Sunday, April 18, 2010


Yesterday, I suggested the Lord's Great Commission found in Matthew 28:19-20 could be divided into two equally important parts: soul-winning, and discipleship. I said that the Church has done a remarkable job in proclaiming the Gospel and baptizing converts. I also said that the Church has failed miserably at growing disciples. I base this upon fifty plus years of observation; thirty-nine as a Christian, and many years as an "outsider." I believe Gandhi said it well when he answered a reporters question as to why he was not a Christian since he so often quoted Jesus. He replied, "I would have become one years ago had I not met so many of them." Christians do more to sabotage the effort to win the lost than all the minions of Satan put together. The Church has failed to emphasize the importance of studying God's "instruction manual" for the Christian life. The most common term the world uses to describe us is "hypocrite," and as a result, much of our over-emphasized effort to reach the lost is ineffective.

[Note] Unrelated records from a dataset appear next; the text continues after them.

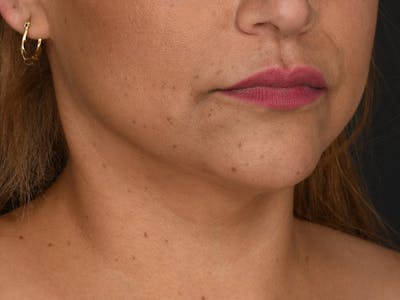 Neck Lift Before & After Gallery - Patient 333737 - Image 2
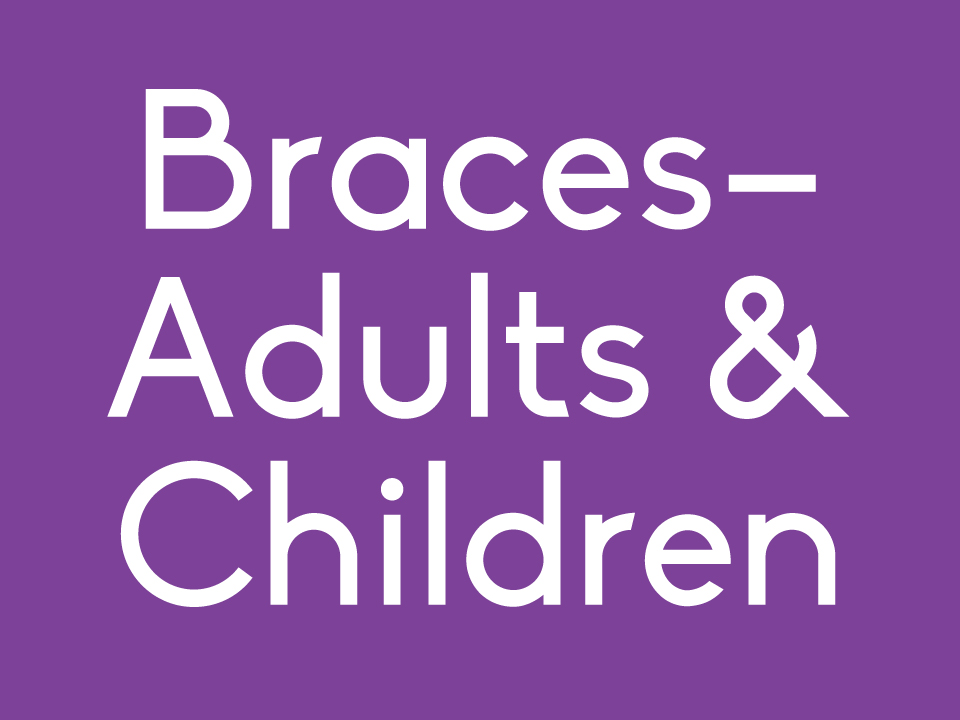 RxSmile braces for adults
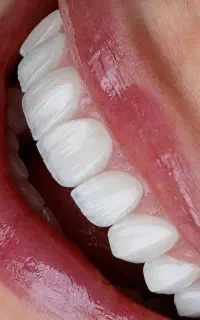 لمینت سرامیکی E.max - اقساط ۸ ماهه اصفهان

I believe the problem lies in the local church. A lack of emphasis upon teaching how one is to live as a Christian; turning a blind eye toward sinful attitudes and actions; and a total emphasis upon soul-winning messages have all contributed to the vast majority of Christians remaining mere babes. Pastors wonder why so many of their members quit coming to their churches, when the answer, while not monolithic, is that they often feel they are not being fed. They long for the "meat" of the Word; the "milk" no longer meets their needs. By emphasizing discipleship, Christians "of all ages" will grow, do the work of the ministry within the local church, and serve as genuine examples of Christ to a lost world.

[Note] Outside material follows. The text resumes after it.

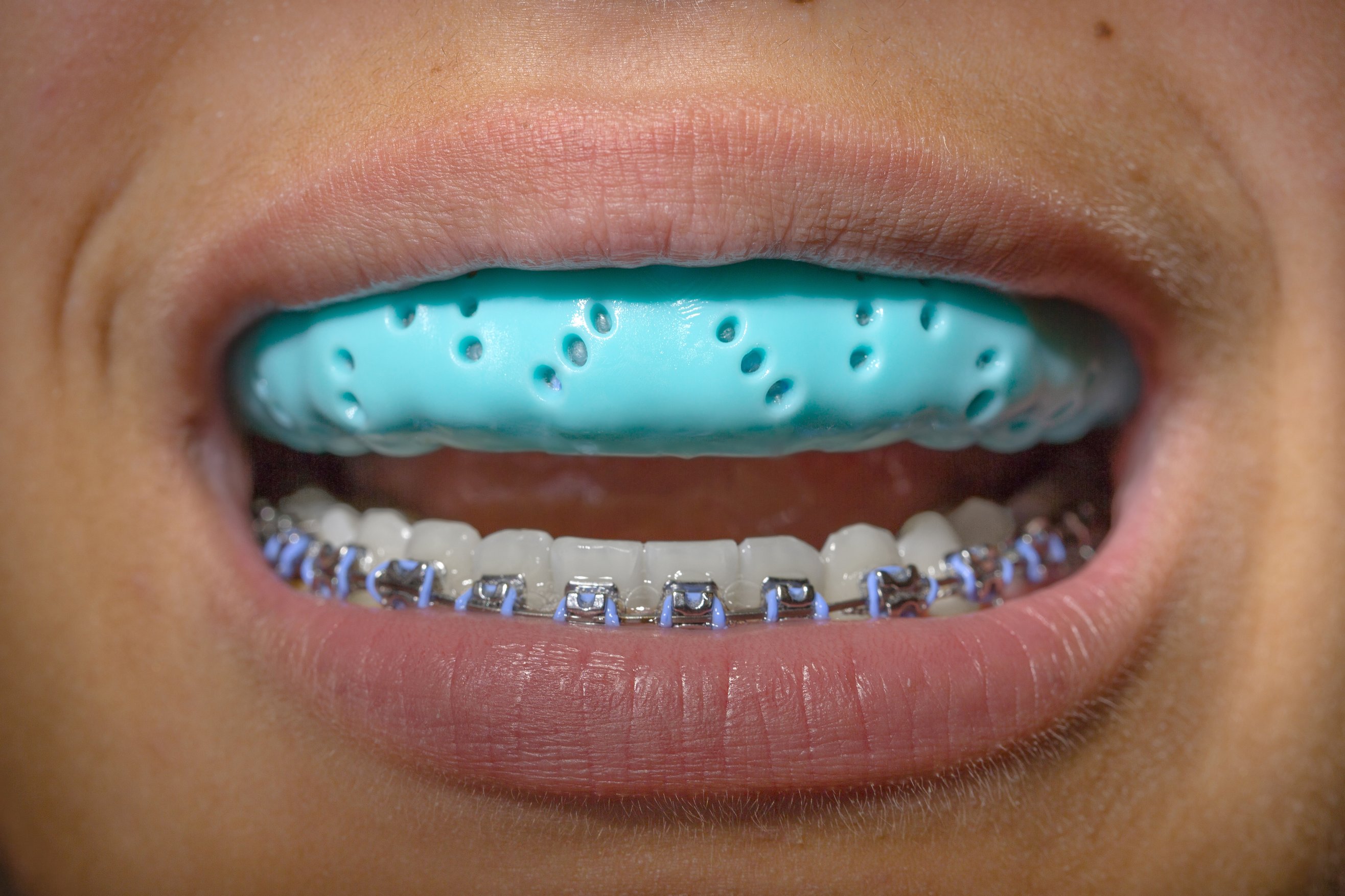 BRACES AND MOUTHGUARDS. IT'S A BIG DEAL.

Another factor in failing to reach unbelievers is church division. I often think about two local churches that sit side by side along the highway. There is no fence, no difference in the color of the grass, nothing that shows where one's property ends and the other's begins. I wonder what the unbeliever thinks when he passes by? They both have crosses on them, use the same Book, and meet at the same time, and yet they don't seem to be willing to work as one. Joseph Smith, the founder of the Mormon Church is said to have become so disillusioned by church splits that he decided to start his own. He lived as a young man during the years 1814-1830 during which the Methodists divided four times and the Baptists six (No Man Knows My History, Fawn Brodie, 1954). Whether or not that was his reason for "creating" his version of the truth is not the point; the Church, while in the midst of the Second Great Awakening, was splintering at an unprecedented rate. Not a whole lot has changed.

Tomorrow, again Lord willing, I will attempt to stress the huge importance that church unity plays in winning the lost to Christ. As always, God bless you and please continue to pray for me and my church.